Puebla Institute

Acronym/Code: PUEBLA

Updated: 4/89

Categories:Education, Religious.

Background: According to official statements by the Puebla Institute, the organization was established in l982 by Humberto Belli, a native Nicaraguan and former Marxist who was a member of the Sandinista movement before becoming a Christian in l977. In these statements, the institute is described as a nonprofit, nonpartisan lay Catholic organization which promotes a Christian perspective on theological and sociopolitical issues, especially those concerning religious freedom and human rights. By documenting and publicizing restrictions on religious freedoms and other human rights, and by mobilizing public support for those who suffer religious persecution, the institute hopes to stop religious repression. In order to accomplish this, according to institute sources, the organization conducts research, provides analysis, and publishes information on issues in Latin America and other regions. (5,16,22)

Other reports, however, notably those of former Nicaraguan contra leader Edgar Chamorro, indicate more suspicious origins and purposes for the organization.
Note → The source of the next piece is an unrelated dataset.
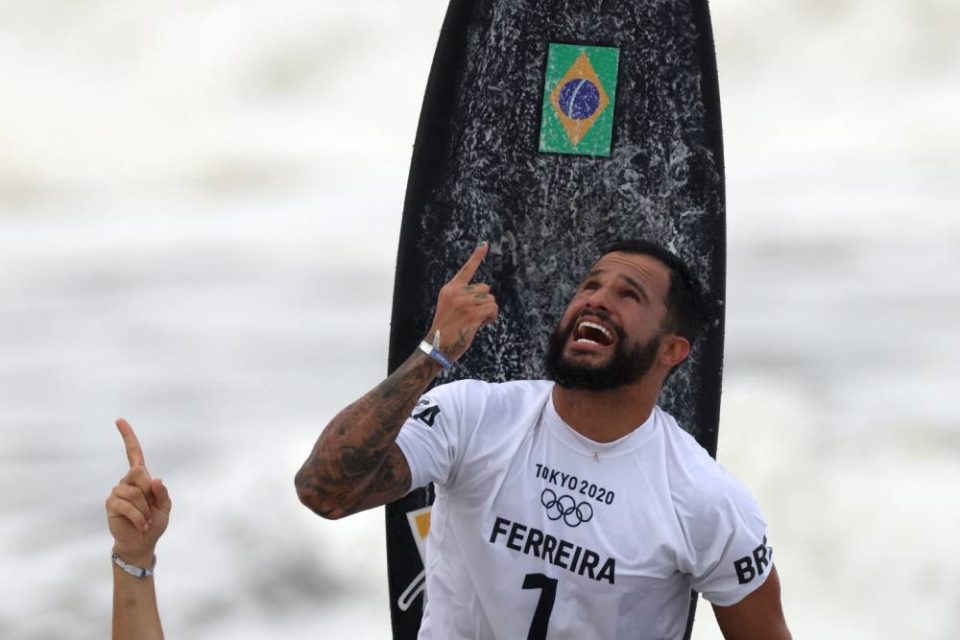 Italo Ferreira conquista 1º ouro do Brasil nos Jogos Olímpicos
Chamorro says that working relationships between Humberto Belli and the contra leadership were prompted by conversations with the Central Intelligence Agency (CIA) recommending that the Nicaraguan rebels exploit religious factors in their fight against the Sandinistas. Several members of the CIA-organized contra Directorate–on which Chamorro served–suggested working with Belli, a Catholic intellectual who had quarrels with the Nicaraguan government. Alfonso Callejas, a member of the first contra Directorate, worked with Belli to coordinate the book that was eventually titled Nicaragua: Christians Under Fire.
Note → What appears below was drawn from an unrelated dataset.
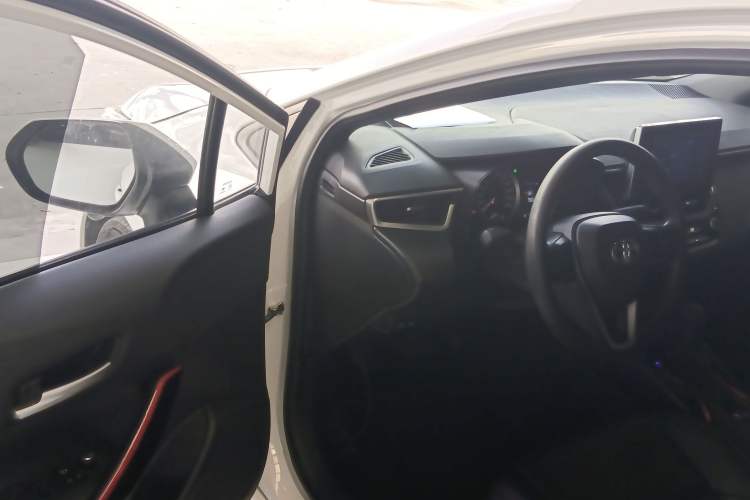 Used Toyota Levin 2023 185T CVT Sport Edition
According to Chamorro, the project was written into the contract between the contras and their CIA-recommended public relations firm, Woody Kepner Associates, Inc. The CIA gave the Directorate money to pay for Belli’s trips to Miami to meet with contra leaders while the book was being written, and, Chamorro says, Belli was paid by the CIA for his work on the volume. Belli suggested using the name Puebla Institute under which to publish the book. This was to serve two purposes. First, it would disguise links between the contras and Belli. This would give the volume more apparent legitimacy and permit its distribution through the FDN and ARDE (the two most influential rebel coalitions) and similar channels. Second, it would implicitly associate the book with the second major Catholic Bishop’s conference in Latin America, held in Puebla, Mexico. Chamorro observes that the Puebla conference carries the connotation of a conservative readjustment in the Catholic Church despite the fact that it did not end up repudiating the liberation theology orientations promoted by the previous such conference held in Medellin, Colombia in l968. (10)
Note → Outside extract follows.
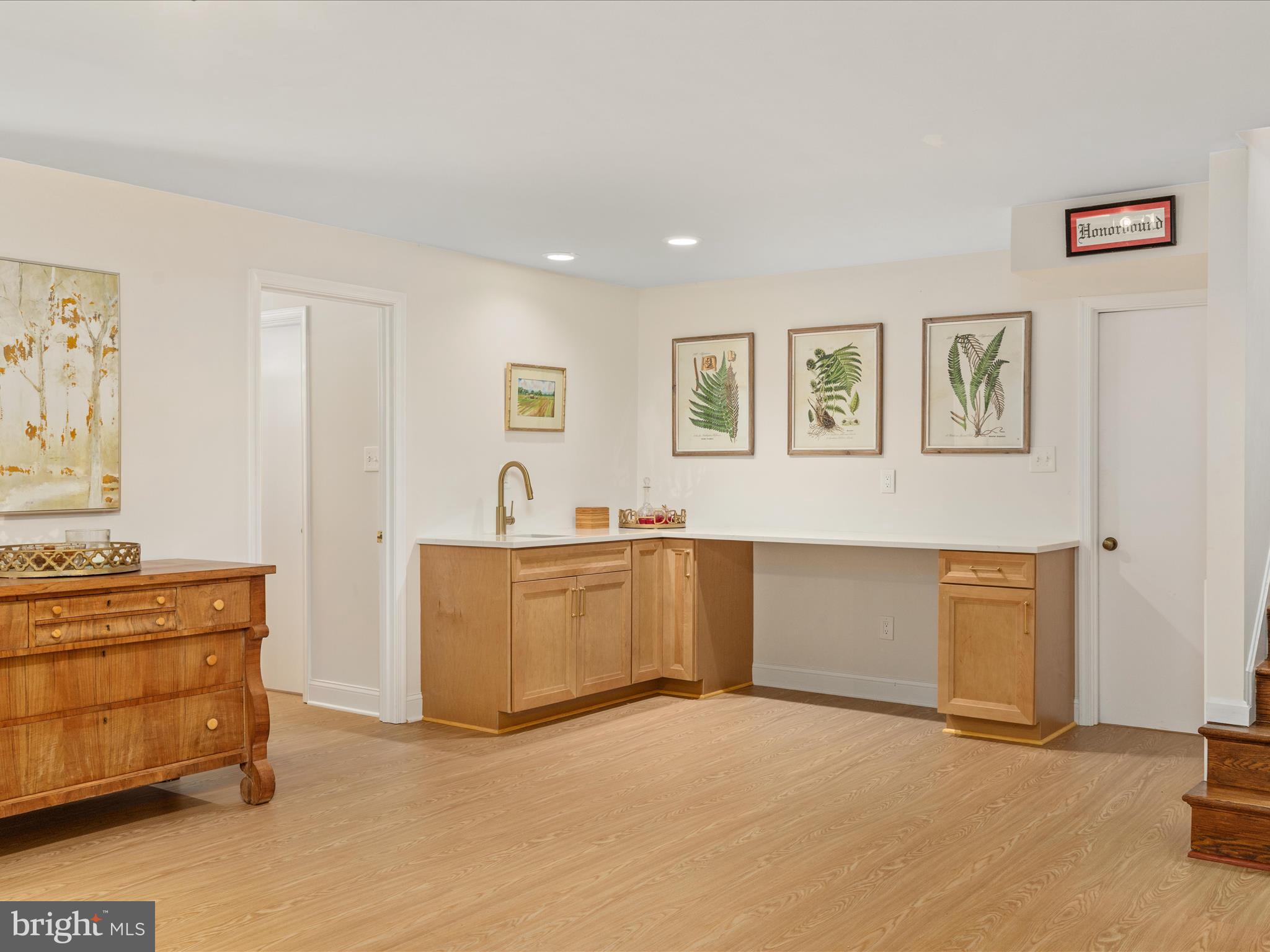 TALLY HO - Residential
Investigative reporter Russ Bellant asserts that Puebla is a front, or "action center," for the Sword of the Spirit, an offshoot of the Word of God cult-like charismatic group. (23)

Funding: According to Edgar Chamorro (see Background), the CIA paid Humberto Belli for his work on the first Puebla Institute publication, Christians Under Fire. Chamorro notes that the CIA told both the FDN and Humberto Belli to say that the money for the book and the Institute was from private individuals. (10,12) Puebla sources indicate that the organization is privately funded. (22) It also raises money through sales of its publications. (5,6) The (John M. ) Olin Foundation has provided funding for the Puebla Institute as well. A l986 Olin Foundation grant for $40,000 supported the Institute’s activities with the Nicaraguan Human Rights Commission. (13)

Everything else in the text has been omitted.